さて、カウンセリングの要諦は「傾聴」と「共感」であると言われる。両方とも大事だが、まずは「傾聴」が最も大切。
「傾聴」はとにかく、相手の話を聞くこと。指示や話の流れを止める質問はしてはならないが、倫太郎は官房長官に意見を言う。このあたりはドラマの嘘だ。「傾聴」が上手くいけばクライエントと医者の間に「共感」が生まれる。これをラ・ポールというが、それが出来て初めて治療が始まる。
精神分析学では、自らも他の医師に精神分析(スーパービジョン)を受けることが義務づけられているが、おそらくドラマ上では倫太郎が信頼する先輩精神科医(遠藤憲一)にスーパービジョンを受けたという設定なのだろう。

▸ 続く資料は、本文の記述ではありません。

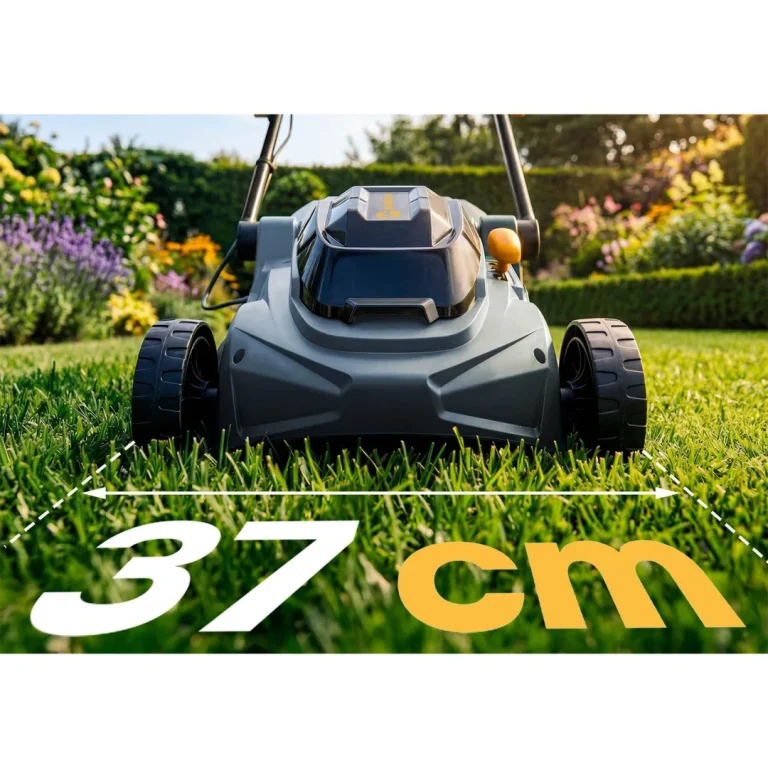 Lagana I Snažna Bežična Kosilica Za Travu 1000w 37cm Humberg Hm 610, Siva 6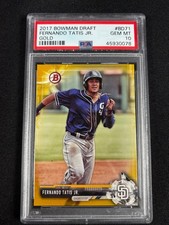 2017 BOWMAN DRAFT GOLD #BD17 FERNANDO TATIS JR. RC/50 PSA 10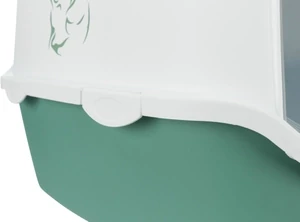 Trixie Kedi Kapalı Tuvaleti 40x40x56cm Yeşil-Beyaz - 5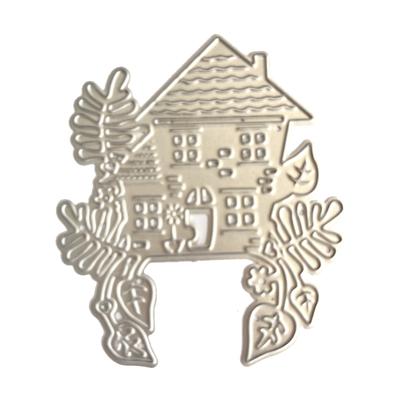 Metal Die Cuts Straw House Embossing Stencil Cutting Dies Card Making Scrapbooking Paper Craft DIY Template Handmade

倫太郎はある日、勤務する慧南大学病院の理事長(小日向文世)に誘われて、新橋の料亭を訪れる。そこで出会ったのが芸者夢乃(蒼井優)である。夢乃の本名は明良(あきら)。
夢乃は若い男と遊ぶ母親(高畑淳子)に寄生されており、いつも金をせびられている。おそらく、アダルトチルドレン、母に束縛される娘と言った流行の病態が描かれるのだろう。本名が明良(あきら)と言うのも気になる。
性同一性障害、あるいは、明確に区別できる複数の人格が同一人に存在し、それらの複数の人格が交代で本人の行動を支配する解離性人格障害が描かれるのかもしれない。夢乃は倫太郎が好きだが、明良(あきら)は倫太郎を知らない。

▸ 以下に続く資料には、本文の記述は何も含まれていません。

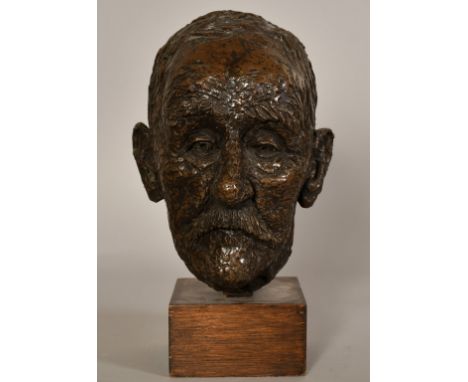 Sally Hersh (1936-2010), Charlie Pilkington, Circa 1974, bronze resin, 13" (33cm) high overall.
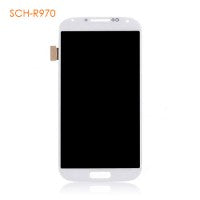 OEM LCD with Digitizer Replacement for Samsung Galaxy S4 SCH-R970 White Frost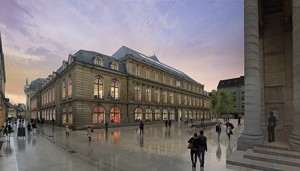 Hypothèse d’aménagement de la place Sainte-Chapelle - Photo : Ateliers Lion Associés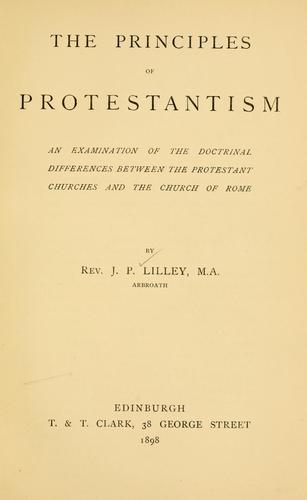 The principles of Protestantism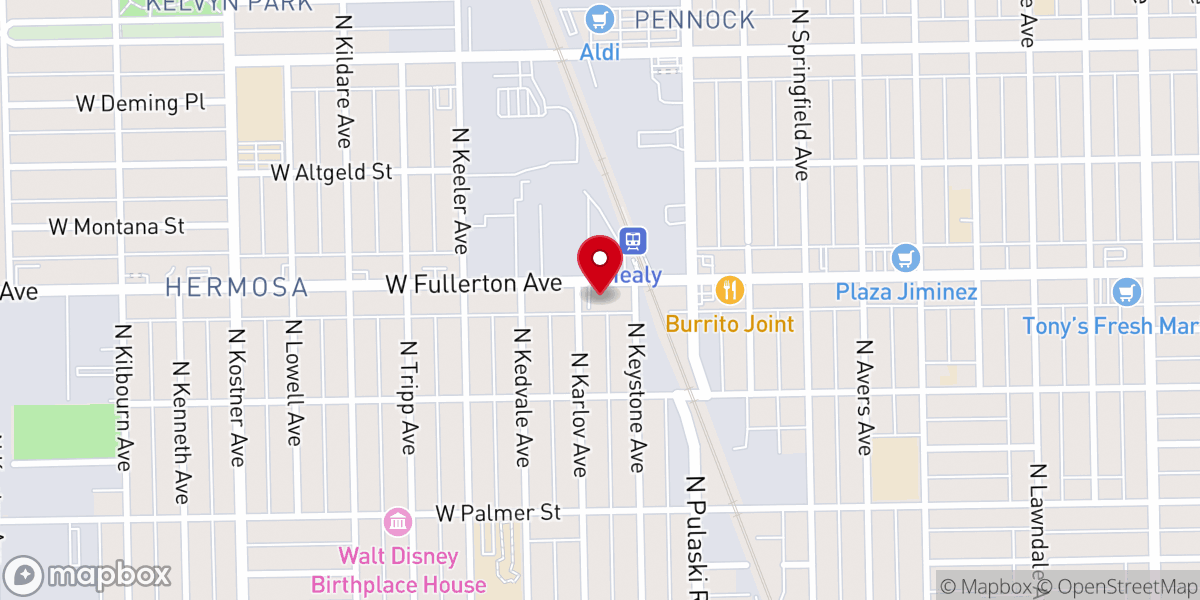 Map showing location of Community Outreach Church Inc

倫太郎と夢乃は、医者と患者の関係になるのだが、ここで夢乃は、倫太郎に信頼と好意を持つようになり(これを転移-transferenceと言う)倫太郎も夢乃を好きになる(これを逆転移-counter transferenceと言う)。ユング先生は転移と逆転移を治療に生かせと教えているのだが…。

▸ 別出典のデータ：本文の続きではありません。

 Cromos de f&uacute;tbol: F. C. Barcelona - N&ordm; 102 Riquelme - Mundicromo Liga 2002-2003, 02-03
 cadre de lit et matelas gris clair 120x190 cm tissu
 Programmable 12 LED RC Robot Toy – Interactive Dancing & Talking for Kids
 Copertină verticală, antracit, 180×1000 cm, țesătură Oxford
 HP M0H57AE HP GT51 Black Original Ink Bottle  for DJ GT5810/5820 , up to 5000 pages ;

倫太郎が中学時代に自殺をしようとした過去も描かれている。原因は母らしいのだが、その秘密はわからない。倫太郎は会社で周囲の嫉妬からいじめにあい、飛び降り自殺をする直前のOL(ハリセンボン・近藤春菜が好演)を助けるのだが、倫太郎は自殺という行為に精神的外傷があるのかもしれない。
倫太郎と対立する宮川教授には長塚圭史。宮川教授は脳科学者で有り、薬を処方することでクライエントの快方を目指す。現在はこのタイプの精神科医が大多数である。
ドラマ中に何の脈絡もなく、倫太郎が使っているだろうと思われる心理療法の一つEDMRと言う言葉が出てくるが、これは何かの伏線なのだろうか。
EDMRは、いわば深呼吸と同じ、縛られた精神的な感覚を解き放つ方法。クライエント(患者)の目の前に立てたV字形の二本指をひらひらさせるという方法で、オカルティックな方法ではあるが、効果はあるのではないかといわれている。
他に、倫太郎の同僚外科医で、幼なじみの水島百合子役に、吉瀬美智子。蒼井優と、倫太郎を巡って三角関係になるのだろうなあという伏線がきちんと張ってある。